» What is being asked: Your reply should reproduce all the data below exactly while excluding the pictures.

» The data:
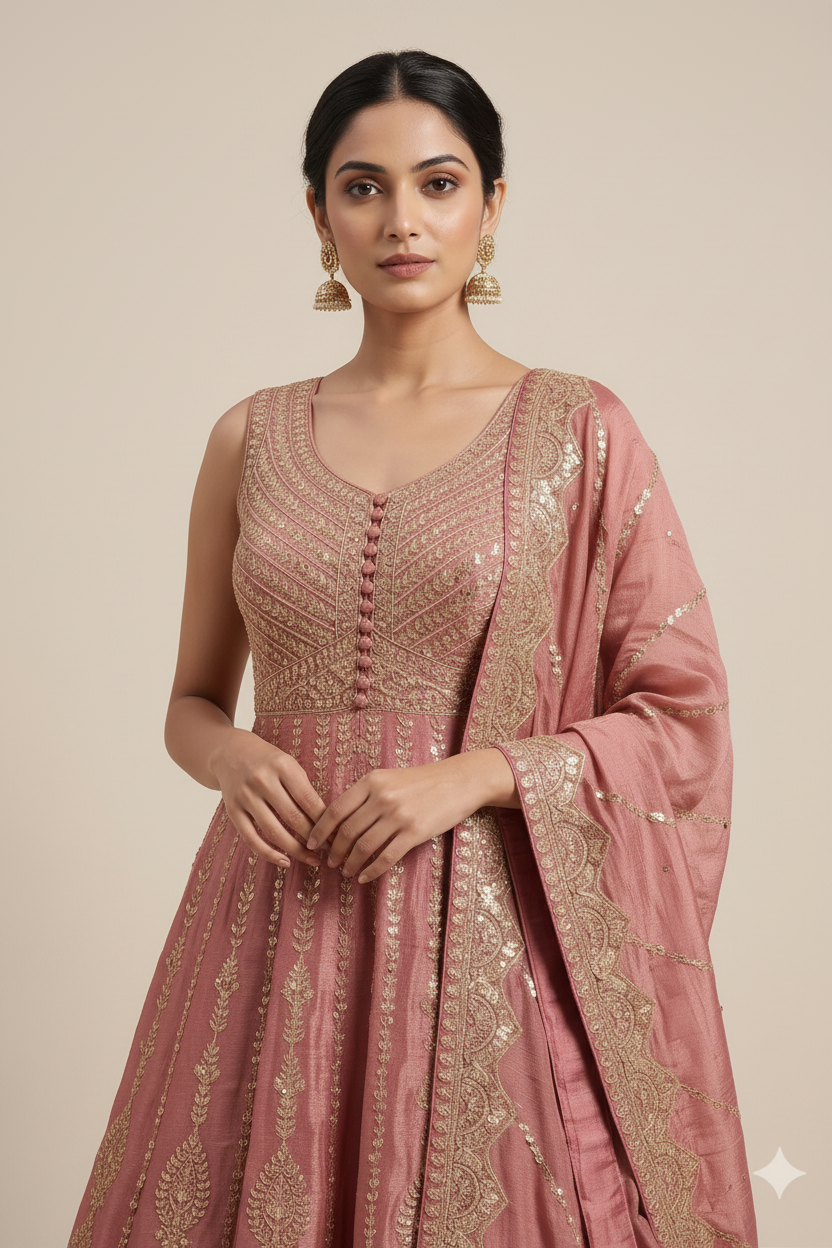 Heavily Embroidered Heritage Anarkali Set Secondary image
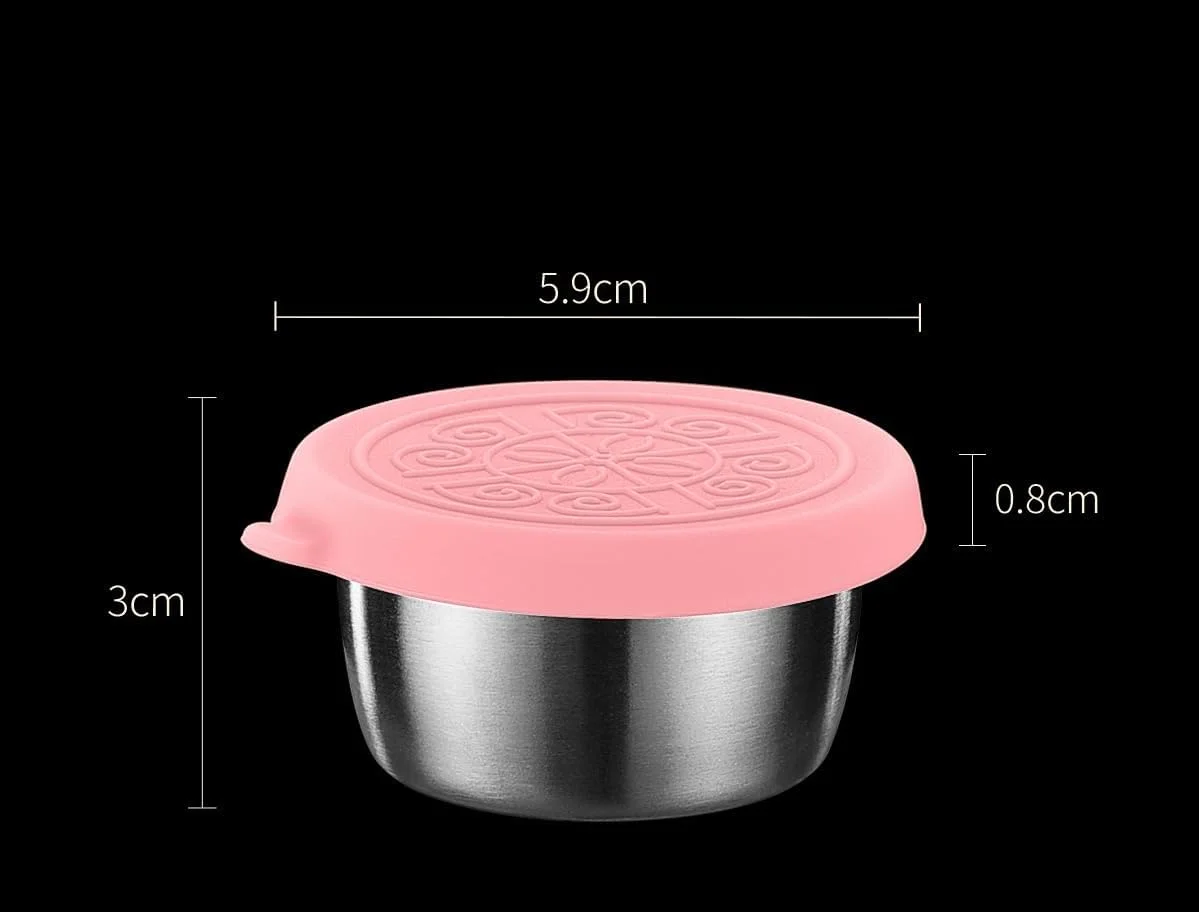 ظرف چاشنی سالاد استیل YIMICO، 3 عددی، با درب، ضد نشت، فنجان سس، جعبه سالاد قابل استفاده مجدد برای جعبه ناهار، پیک نیک و مسافرت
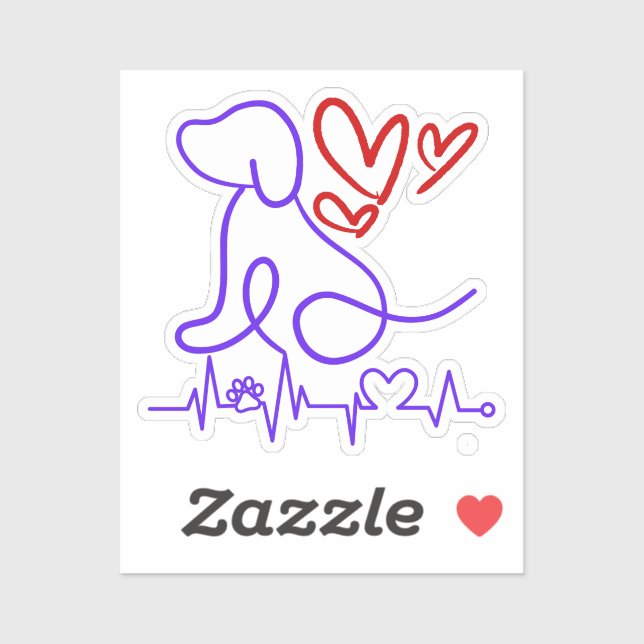 Cute Valentine Day Hund älskare Klistermärken (Ark)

» Solution to the problem:
 Heavily Embroidered Heritage Anarkali Set Secondary image
 ظرف چاشنی سالاد استیل YIMICO، 3 عددی، با درب، ضد نشت، فنجان سس، جعبه سالاد قابل استفاده مجدد برای جعبه ناهار، پیک نیک و مسافرت
 Cute Valentine Day Hund älskare Klistermärken (Ark)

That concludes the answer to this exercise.